[Records contained in a dataset]
================================

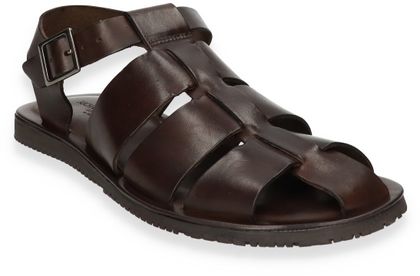 Richard Gordon Herren-Sandalen aus Leder 283201000004 (Dunkelbraun)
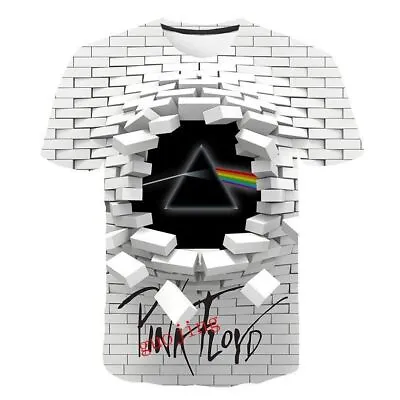 Buy Unisex Men Women Pink Floyd T-Shirt Dark Side Of The Moon Album Tee Pullover Top • 9.67£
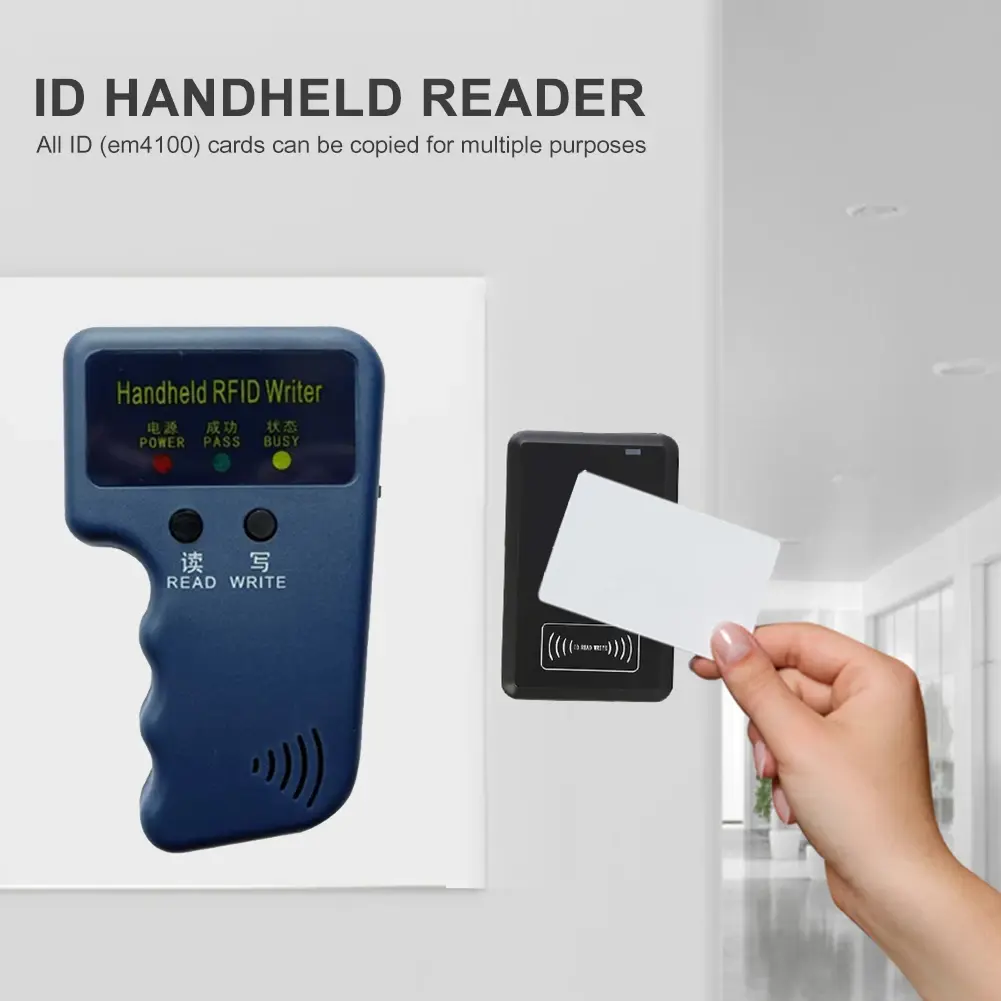 Handheld Copy 125KHz Read ID EM4100 EM4305 T5577 cet5200 RFID Copier Writer Duplicator Programmer Reader
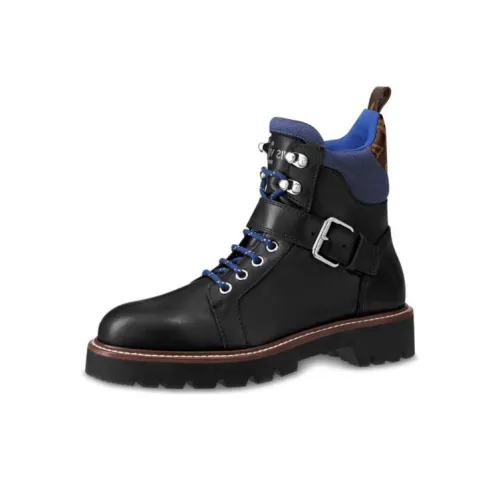 LOUIS VUITTON Territory RANGER Martin Boot Женские Синий Черный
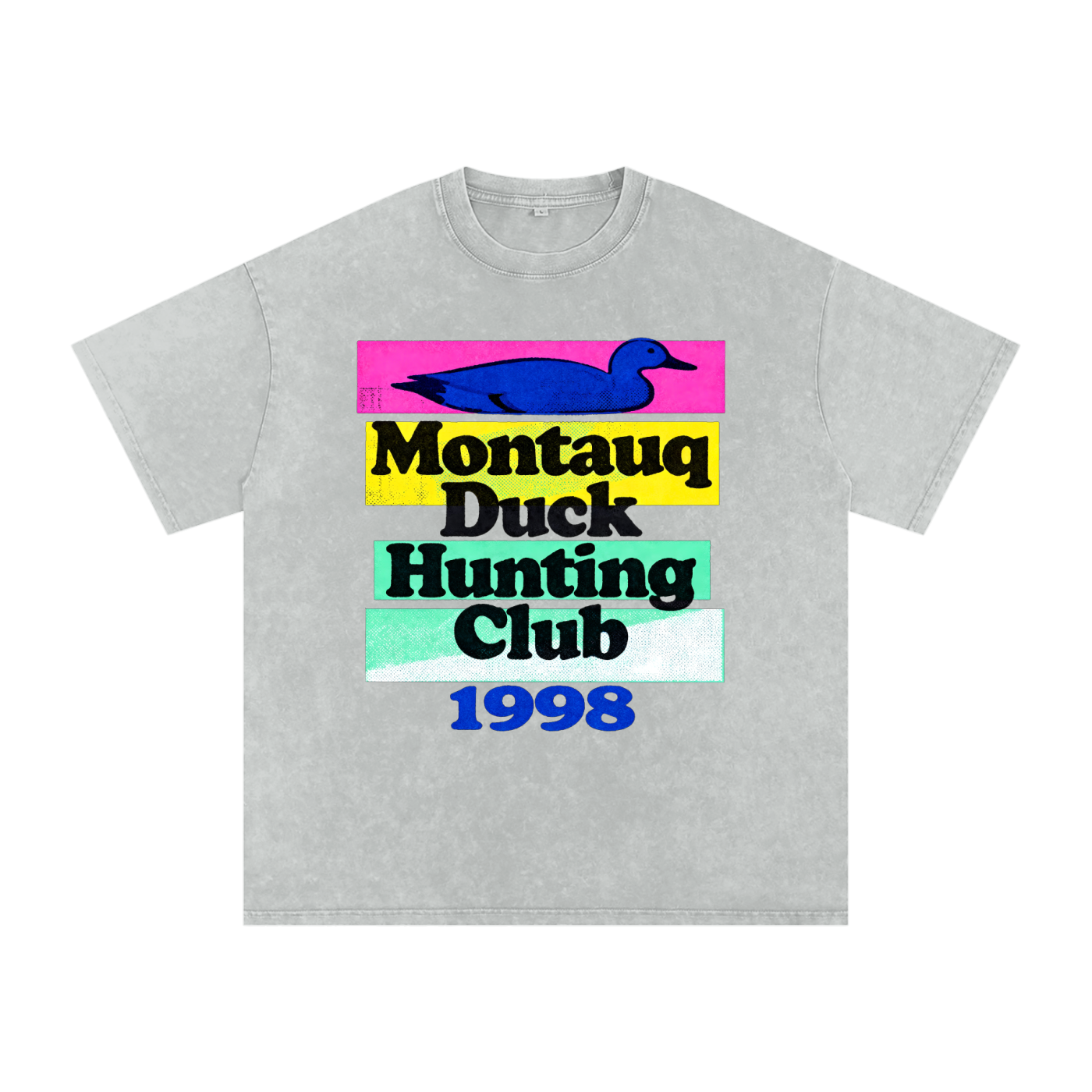 1998 Montauq Duck Hunting Club Snow Washed Cotton T-Shirt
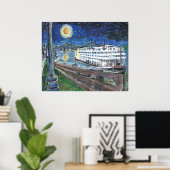 Starry Night Riverboat Poster (Heimbüro)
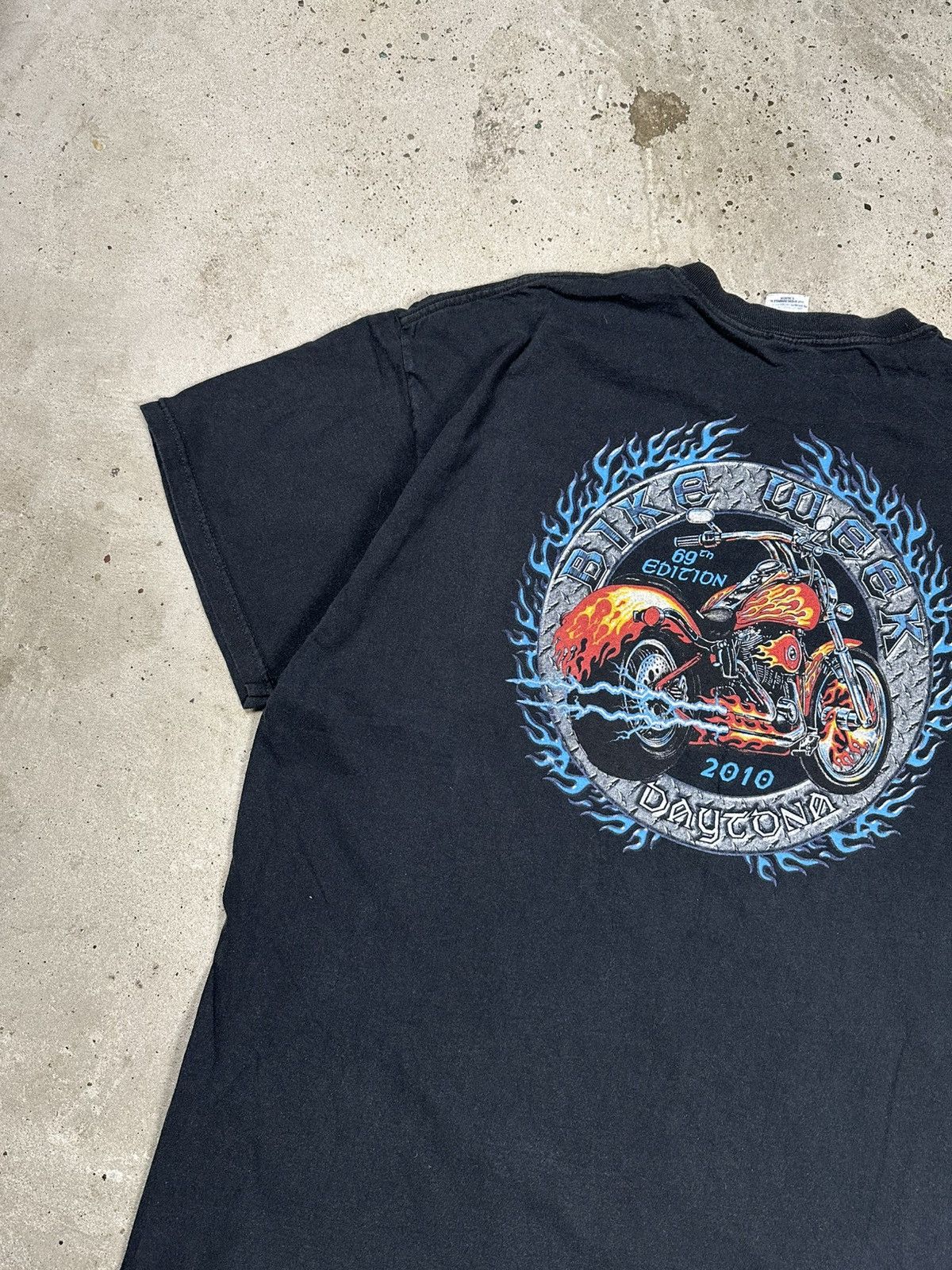 Harley Davidson Vintage Bike Week Daytona Beach Harley Moto Print T Shirt Size US XXL / EU 58 / 5 - 12 Thumbnail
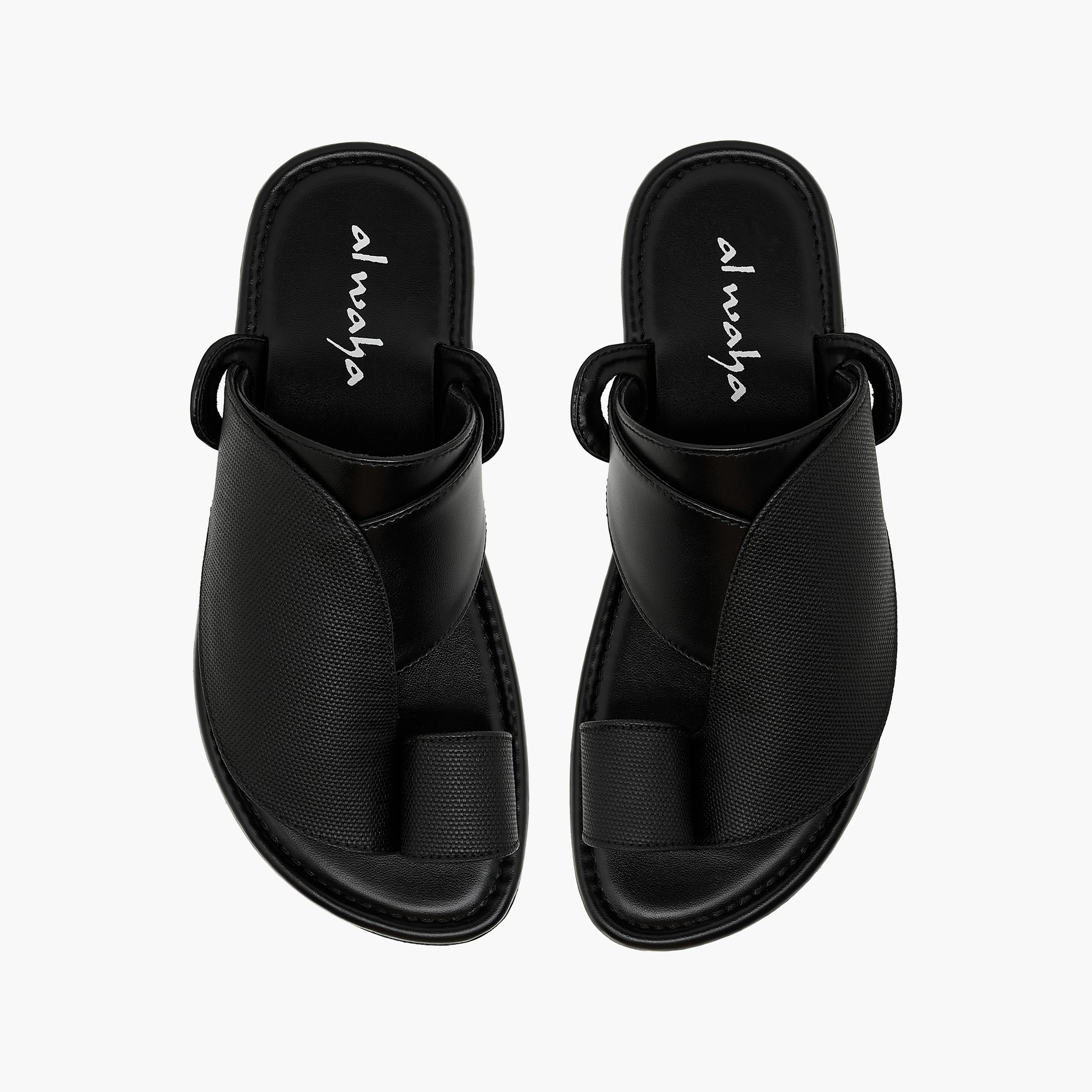 Al Waha Boys Toe Loop Detail Arabic Sandals-boys-shoes-sandals-image-1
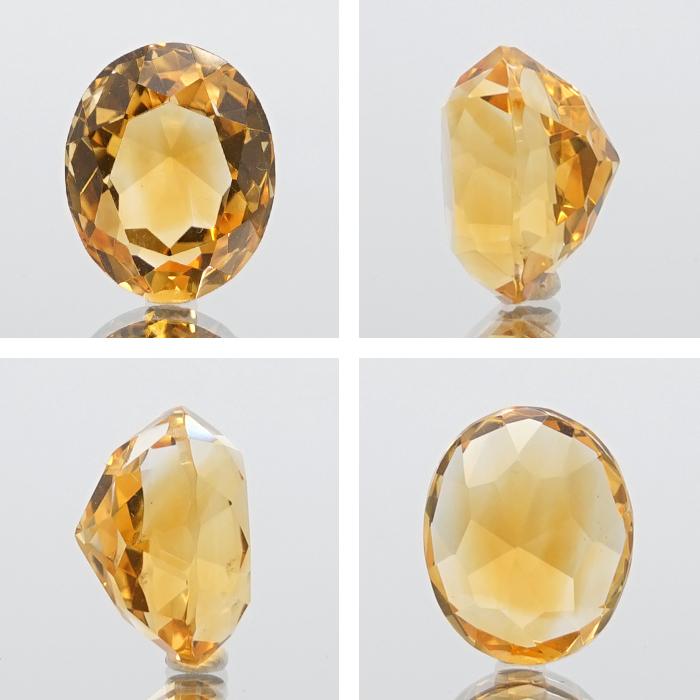 シトリン ルース 5.25ct ブラジル 【一点物】 Citrine 裸石 黄水晶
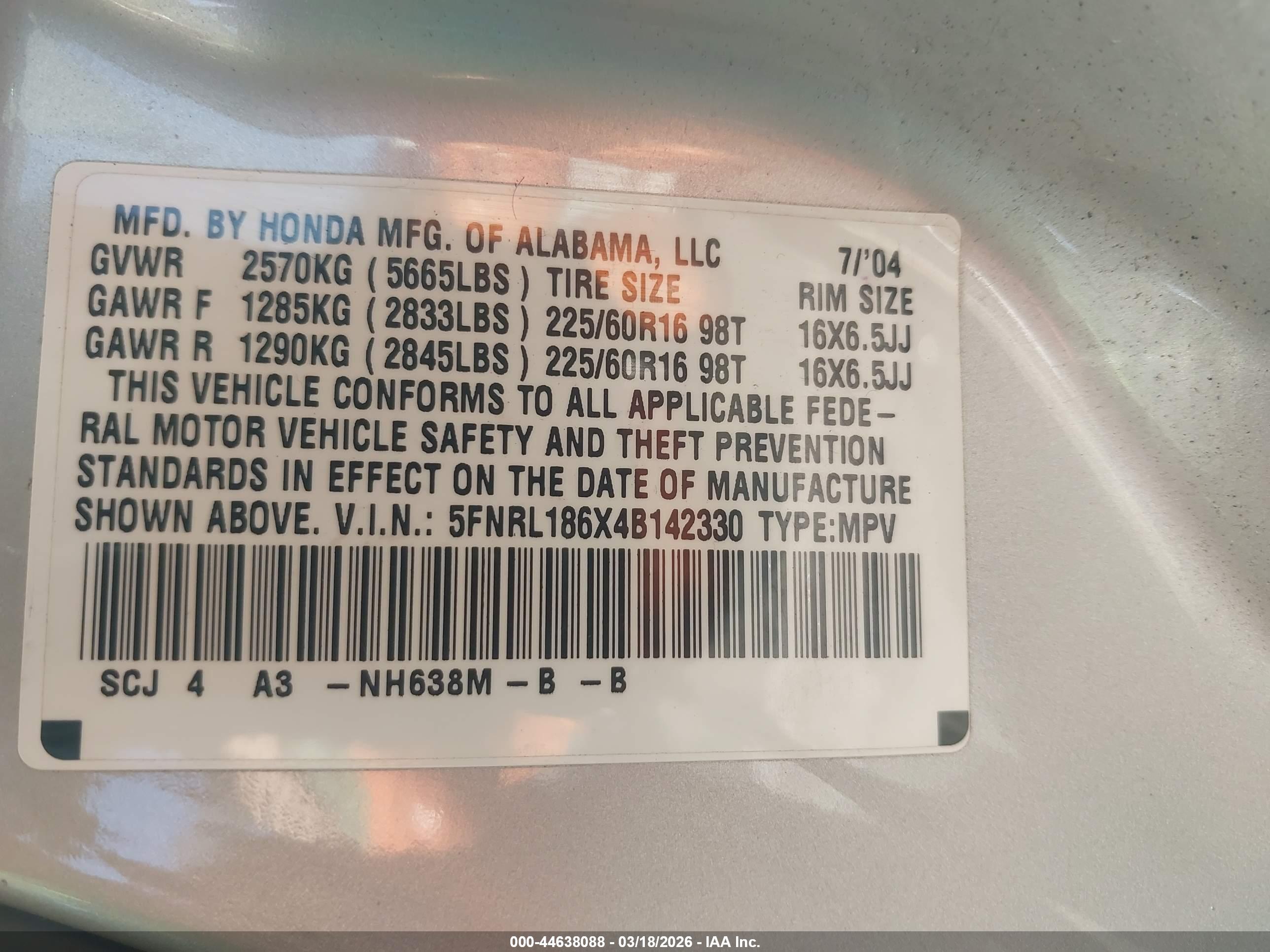 HONDA ODYSSEY image 9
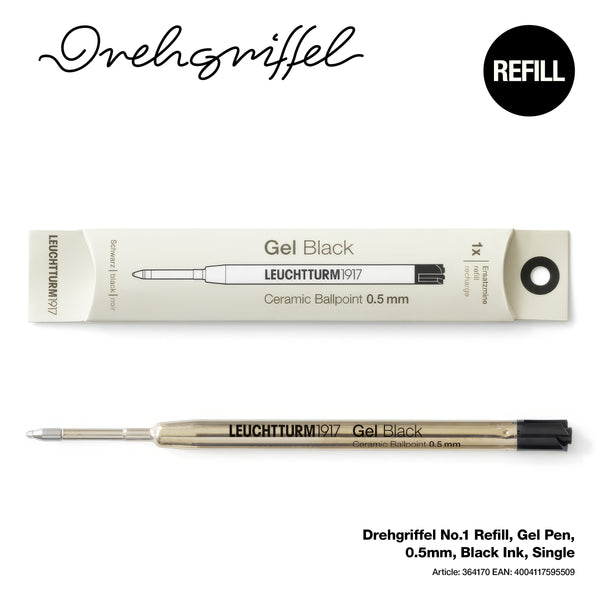 Leuchtturm1917 Drehgriffel No.1 Gel Pen Refill - Black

================================

WHAT IS BEING ASKED :: Write out the entries word for word. Skip the pictures.

EXERCISE RESPONSE ::
 Richard Gordon Herren-Sandalen aus Leder 283201000004 (Dunkelbraun)
 Buy Unisex Men Women Pink Floyd T-Shirt Dark Side Of The Moon Album Tee Pullover Top • 9.67£
 Handheld Copy 125KHz Read ID EM4100 EM4305 T5577 cet5200 RFID Copier Writer Duplicator Programmer Reader
 LOUIS VUITTON Territory RANGER Martin Boot Женские Синий Черный
 1998 Montauq Duck Hunting Club Snow Washed Cotton T-Shirt
 Starry Night Riverboat Poster (Heimbüro)
 Harley Davidson Vintage Bike Week Daytona Beach Harley Moto Print T Shirt Size US XXL / EU 58 / 5 - 12 Thumbnail
 Al Waha Boys Toe Loop Detail Arabic Sandals-boys-shoes-sandals-image-1
 シトリン ルース 5.25ct ブラジル 【一点物】 Citrine 裸石 黄水晶
 HONDA ODYSSEY image 9
 Leuchtturm1917 Drehgriffel No.1 Gel Pen Refill - Black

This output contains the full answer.